Both unions have been without contracts for a year.
The Minister of Education, Liz Sandals, describes the latest job action of allowing unlocked doors in Halton schools as “worrisome.” She went on to say that she was surprised that “this was a way (the union) has chosen as direction for disruption.”
Minister, this is what happens when there is a major breakdown in the collective bargaining process. Your staff has bungled any attempt to settle these job actions that only hurt the parents, and students in terms of their pre-high school preparation and the graduated learning process.
If, by some miracle, settlement is reached before October 19, federal election day, the theory that the unions are trying to embarrass the Ontario Liberal government, will be a mere footnote in history.
For the unions, this is a continuation of jacking up demands for more pay, better working conditions and contract benefits that go beyond the province’s ability to afford their demands.
The blame goes back a few years when the Liberals were running the government. Sandals and Premier Kathleen Wynne, who preceded her as Minister of Education, both arrived in the Legislature as former school trustees.
Paying off the teachers is the solution
You would think they would know a little bit about their chosen vocation, learned in the front lines of education. What they both have practised as overseers of the Ontario education system is to pay off the unions to keep the school doors open.
In 2013, Sandals rolled back the McGuinty clamp down of education worker’s contracts and paid some $463 million to mollify the unions and stop job action by the high school teachers.
This time, they settled with every teacher’s unions, giving a 2.5 per cent increase and more benefits. But the elementary teachers refused to accept the terms and have refused to perform basic work assignments including communication with the parents of their pupils.
Sandals declared that the increase in pay is “net zero.” In other words, the allocated budget would not increase because funds would be taken from other budget sources. Sandals did not identify those sources. All this was done despite the demand of the Premier that there wasn’t money to cover teacher’s demands for more money, smaller classes and benefits.
This was the financial chicanery reminiscent of the old baseball triple play, “ Tinker to Evers to Chance.” Keep the money moving around so nobody notices.
Here is what one Sachin Maharaj, Toronto teacher and PhD student at the Ontario Institute of Studies in Education (OISE), described as the elementary teacher’s job:
“Outside the classroom, elementary teachers also have a range of other activities. This includes regularly communicating with parents, meeting with colleagues and administration, organizing school assemblies and events, planning field trips, maintaining up-to-date student records, as well as running student clubs and extracurricular activities.”
Oh, and the teachers also have to teach specific courses based on the ages of their students.
Getting 12 months pay for ten months work
But isn’t that what the job is all about? The elementary teachers have the responsibility to mould their young students’ attitudes, advance their learning abilities, and develop strong social skills. This is the prelude to being a responsible and successful member of society.
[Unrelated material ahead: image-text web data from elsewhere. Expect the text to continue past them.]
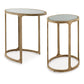 Irmaleigh Accent Table (Set of 2)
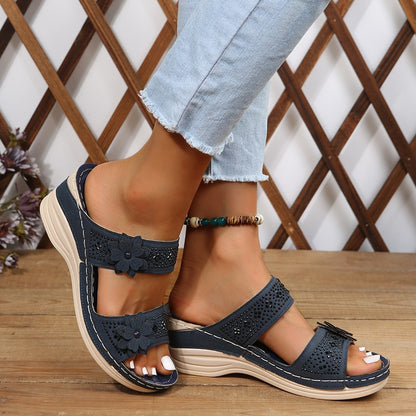 Klassische Orthopädische Schuhe mit zeitlosem Stil
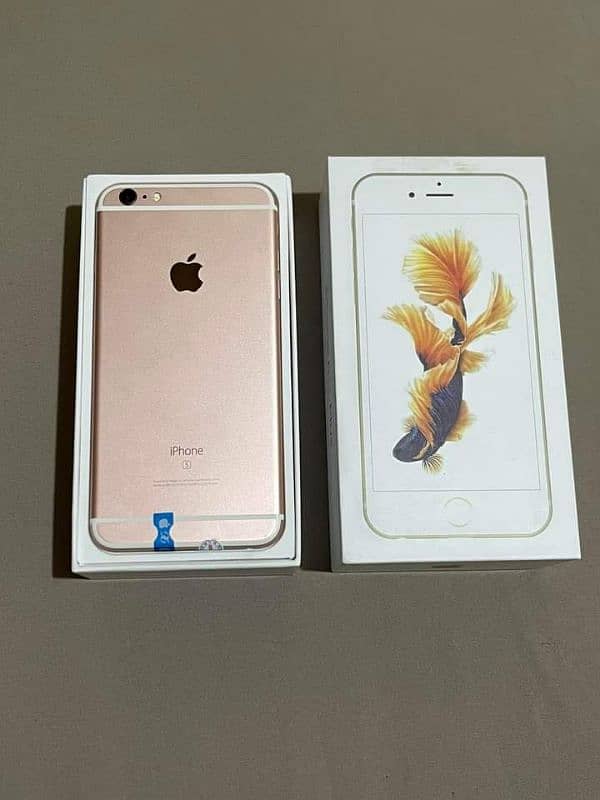 iphone 6s plus 128gb my whatsapp number 03405184073 0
It all starts in kindergarten. Along the eight-year pathway to adulthood, the association of teachers and parents must be maintained and cooperative.
When the teacher’s unions strike, either part-time or out the door that trust disappears due to the teachers’ lack of responsibility that they stress on their students.
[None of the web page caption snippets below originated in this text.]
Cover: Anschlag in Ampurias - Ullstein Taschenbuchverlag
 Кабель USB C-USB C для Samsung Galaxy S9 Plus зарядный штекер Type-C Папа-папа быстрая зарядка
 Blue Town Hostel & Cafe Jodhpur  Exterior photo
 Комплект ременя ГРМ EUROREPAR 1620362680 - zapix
That’s what has happened in Ontario where the provincial education ministry charged with funding, maintaining and creating solutions, has abandoned the trust that the stakeholders believed they had.
The responsibility for this mess is shared both by government and union leadership.
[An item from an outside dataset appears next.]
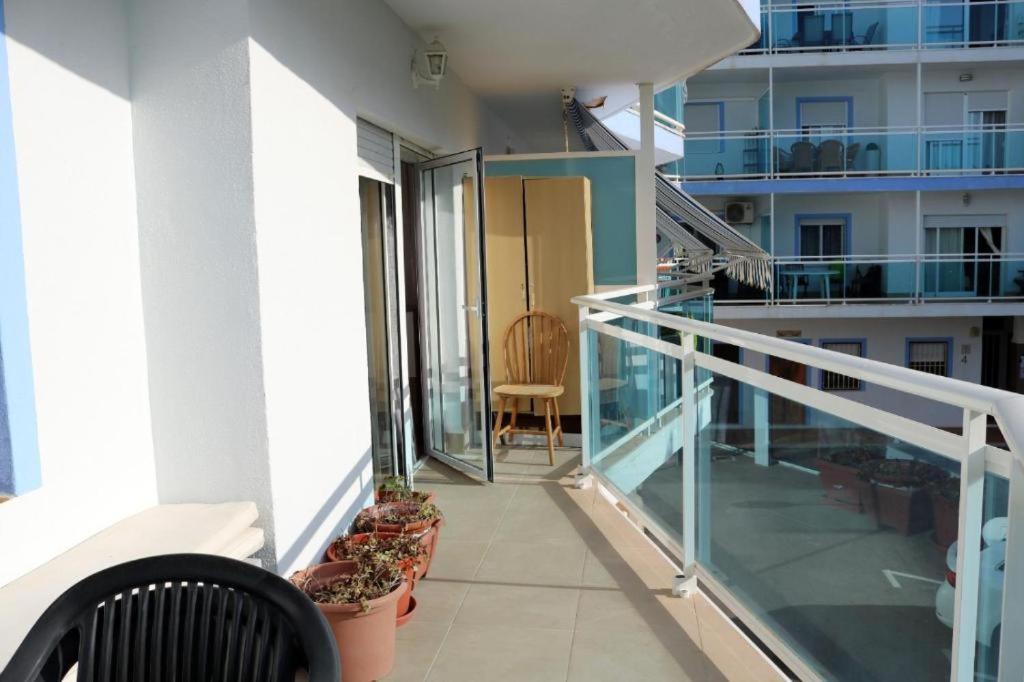 La Cenia Apartment Дения Екстериор снимка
The solution is growing among Ontarians that teachers are an essential service and should not be allowed to strike or conduct job action. The collective bargaining system does not work as the unions have timed their strikes to deeply affect the students as crucial times of the school year. Last spring was an example of work stoppages that affected students particularly those completing high school.
Threatening and using circumstances to force their demands on the backs of students and their parents is the lowest denominator ever reached by public service labour. The combination of a gutless provincial government and aggressive unions leaves only the innocent stakeholders at risk.
Indeed, a “ship of fools” has destroyed our trust.